Entertainment Licensing Corner: Licensing and the Music Business

Monday, January 4th, 2010

Chili #1: "We shoulda licensed..." Chili #2: "Now you tell me?!"

The music business has been hard hit.

Total revenue for US music sales in all formats has decreased from a high of $14.6 billion in 1999 to $10.4 billion in 2008 to a forecasted $9.2 billion in 2013.

The most profitable part of the music industry is no longer the sale of music, but what were once considered ancillary parts of it—concerts and music publishing.

But the music industry has largely overlooked another important revenue-generating tool—licensing.  Not just licensing the band name, which is common, but for smart bands, licensing album and song names as well.

The extent to which this is not done is shocking.  UK law firm Pinsent Masons has found that none of the album titles in Rolling Stone’s Top 10 Greatest Albums of All Time have been registered as trademarks in either the US or the UK by the artists or their record companies.

But there are registrations galore from third parties capitalizing on famous album and song names, from the silly (“Sgt. Peppers Only Hot Dog Stand”) to the enormously lucrative (“Ruby Tuesdays”).

To explain how and why this matters, a little brush-up on IP law is in order.

Trademarks are symbols that communicate the source and quality of goods and services.  So in the usual case, a band’s name and associated logo serve as a trademark for its music and live performances.  It is highly advisable for the band to formally protect its trademark with a trademark registration, but some degree of legal protection exists even without a registration via the doctrine of common law trademark.

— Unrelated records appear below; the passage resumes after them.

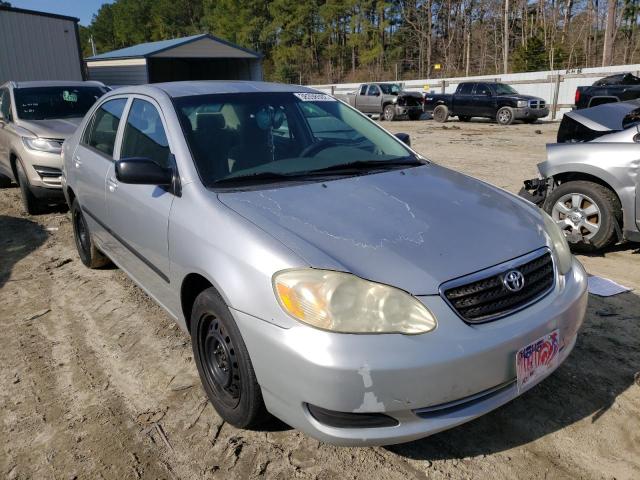 Toyota Corolla ce (2005)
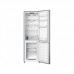 Холодильник з нижн. мороз. камерою Gorenje, 180х55х55см, 2 двері, 188(67)л, А+, NoFrost Plus, Зона св-ті, Сірий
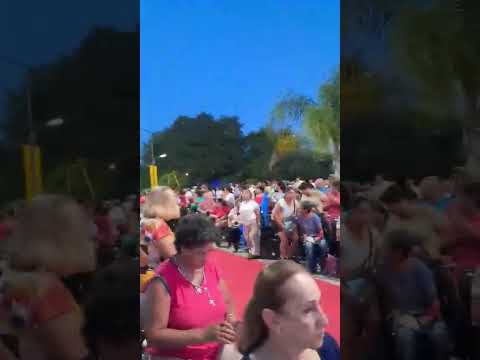 SANTA MISA CRISMAL 2026 EN LAVALLE (CORRIENTES) VIDEO 1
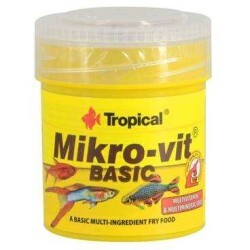 Tropical - Tropical Mikrovit Basic 50Ml 32Gr (1)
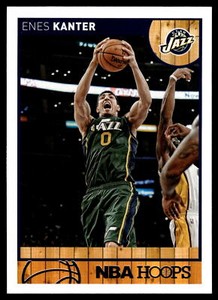 2013 Hoops #171 Enes Kanter NRMT or Better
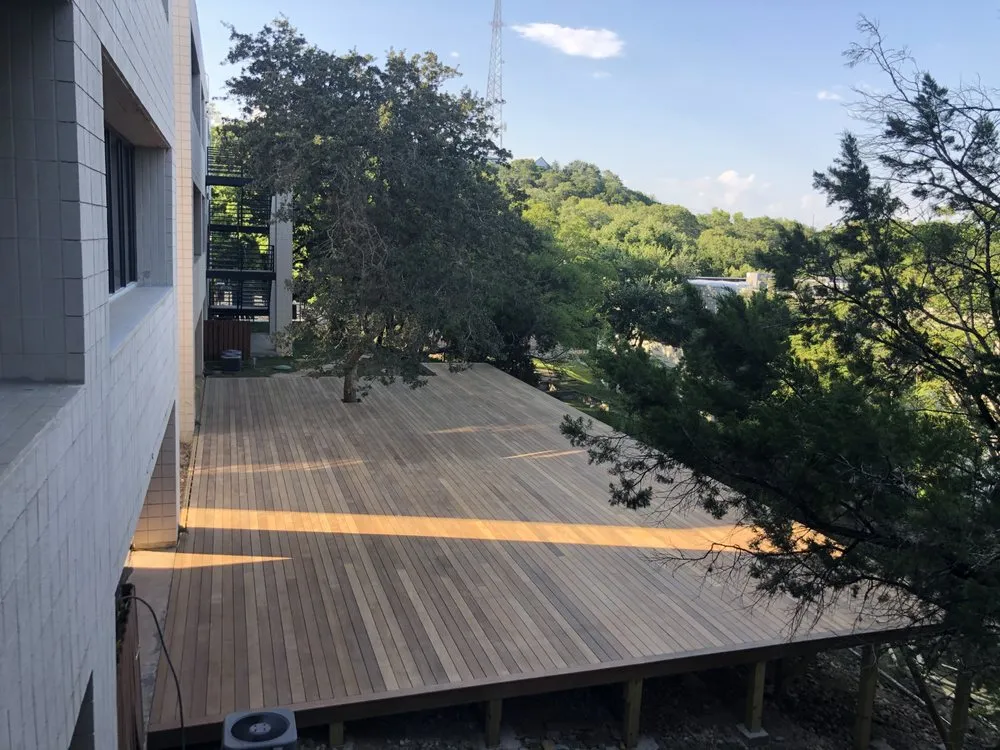 Trusted yard cleanup service experts serving Austin, TX - SweetWater Landscape and Projects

So far, so good.  So what’s the problem?

1) Even a registered trademark on a band name won’t prevent someone else from using the same mark for goods other than music or for services other than live performances, because you only get trademark rights for the goods or services that you sell or license.

2) Even a registered trademark on a band name won’t protect others from using album or song names that have enormous public recognition and good will, because you only get trademark rights in symbols that represent source indicators for goods or services that you sell or license.

Are you beginning to notice a trend here?

The Red Hot Chili Peppers learned both lessons the hard way when Showtime broadcast the popular series “Californication,” which also happened to be the name of the Chilis’ most popular album, but the show didn’t take a license from the band.  (The series also contained several other references to Chilis’ song titles and lyrics to remove any doubt that they were drawing on the album’s name for the series name.)  The Chilis sued Showtime for trademark infringement in November, 2007, but the network replied that there was no infringement because (among other reasons) Californication the show was a different category of product than the musical recordings on Californication the album, and that the Chilis had never used Californication in a trademark sense, to indicate the source and quality of goods or services.  At this writing, the case is still pending, but most experts don’t give the Chilis good odds of winning the whole enchilada, errr, winning anything more than a token settlement.

What the Chilis and other bands should do is a bit of brand extension.  First, license not only the band name, but also popular album and song names to manufacturers in fields like apparel, eyewear, jewelry, leather goods, and food products, who will pay the band for the right.  Second, follow up by applying for trademark registrations covering these categories.  (Or this could be the first step if the band files an intent to use application.)  Third, if the band skipped the first two steps, and someone has started cashing in on its band’s album or song names, then it should file a trademark registration application before the interloper.  The Chilis didn’t, but the Sex Pistols did when an ice cream company started marketing “God Save the Cream,” a conscious play on the Pistols’ notorious song, “God Save the Queen” (“God save the Queen/ She ain’t no human bein’.”)

Takeaway: with the music industry hurting and bands starving, licensing is a smart strategy.